Медленно стягиваю с себя пальто и стряхиваю с него снег. Подхожу к зеркалу. И верно, лицо у меня страшноватое. Я ли это вообще? До этой ночи я узнавал себя. Теперь не узнаю. Решительно не могу узнать! Какой-то чужой, измученный жизнью старец глядит на меня из зеркала. Волосы стоят дыбом, борода взлохмачена. Похож на мельника из «Русалки». Мама всхлипывает за моей спиной.
— Ради бога, скажи, что с тобой творится? Целый год с тобой происходит что-то страшное. Я же чувствую! Я ночами не сплю!
— Успокойся, мамочка, — говорю я, направляясь в свою комнату и зажигая торшер. — Успокойся. Теперь уже все кончено. Теперь уже все будет хорошо. Теперь тебе уже нечего опасаться за меня. Я еще немножко потомлюсь, пострадаю, и это пройдет. Ибо все, как известно, проходит, проносится, проскальзывает мимо нас туда, назад, к уже бывшему и невозвратному. Впрочем, возвраты иногда случаются. В очень редких, в крайне редких, в чрезвычайно редких, в редчайших случаях. И тогда начинается великая путаница, и тогда происходит невероятный кавардак, невероятный.
Выдвигаю ящик письменного стола, достаю фотографию Ксении и ставлю ее на письменный прибор, на старинный письменный прибор с подсвечниками, подаренный мне родственниками в ту далекую пору, когда старина была еще не в почете.
— Мама, у нас в доме есть свечи?
— Сейчас!
Матушка долго возится на кухне, открывает и закрывает дверцы кухонных шкафчиков, что-то вытаскивает, выкладывает, выгребает. Я слышу, как она возится.
— Вот, нашла два огарка!
— Отлично.
Вставляю огарки в подсвечники, чиркаю спичкой. Теплый колеблющийся свет озаряет Ксюшино лицо. Оно спокойно и задумчиво.
За спиною шорох. Мама стоит в дверях, не уходит.
— Да не мучайся ты так! Мало ли женщин на свете! Ты еще не стар. Вот Настя. Она тебя любит. Я знаю. Она тебя очень любит. И она хорошая женщина. А эта особа, видать, с большими претензиями. Я это сразу заметила. И подумала: не будет тебе с нею счастья. Из таких не получаются путные жены. Им лишь бы хвостом повертеть. Плюнь, не расстраивайся. Ложись спать. Может, одумается еще и вернется. Вообще-то, она, конечно, красивая, что говорить.

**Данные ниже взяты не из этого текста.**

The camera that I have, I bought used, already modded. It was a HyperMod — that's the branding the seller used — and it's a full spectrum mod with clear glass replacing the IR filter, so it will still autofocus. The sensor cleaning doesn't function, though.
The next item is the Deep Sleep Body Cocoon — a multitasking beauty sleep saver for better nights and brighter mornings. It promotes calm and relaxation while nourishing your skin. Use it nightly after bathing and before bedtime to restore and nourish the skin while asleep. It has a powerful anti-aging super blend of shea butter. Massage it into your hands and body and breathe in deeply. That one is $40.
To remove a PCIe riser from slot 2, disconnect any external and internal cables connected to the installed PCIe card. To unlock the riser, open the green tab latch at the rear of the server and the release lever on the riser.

Дую на свечи. Они гаснут. Две бледные струйки дыма, извиваясь, как Ксюшины волосы, тают в воздухе. Стелю постель, раздеваюсь, гашу торшер, ложусь. Лежу в полутьме. За окном, на улице — фонарь. Его свет пробивается сквозь шторы. Лежу с открытыми глазами. На стенах мои неподвижные безликие люди. То ли они и впрямь без лиц, то ли они стоят и сидят ко мне спиной, потому что не в силах глядеть на меня. Но отчего? От жалости? Или от презрения? Или от того и другого сразу?

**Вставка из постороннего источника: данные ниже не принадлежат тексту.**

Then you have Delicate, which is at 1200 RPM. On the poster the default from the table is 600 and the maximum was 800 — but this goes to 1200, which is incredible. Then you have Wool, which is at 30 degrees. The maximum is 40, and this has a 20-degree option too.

Ксения погибла. Я не смог защитить ее от судьбы. Я не смог противостоять потоку времени, который смыл ее в прошлое, как сорванный ветром сухой осенний лист, как обрывок вчерашней газеты, как пустой спичечный коробок. Время всесильно. Намерения его неизвестны. Поведение его необъяснимо. Можно лишь твердить исступленно: зачем? зачем? зачем? — и бессильно сжимать кулаки. Можно еще скрежетать зубами при этом. Ксения мертва. Ее похоронят на С…ком кладбище. Ее уже давным-давно похоронили на С…ком кладбище. Она уже много лет лежит там в сыром и холодном склепе под бетонным полом своей обветшалой часовни.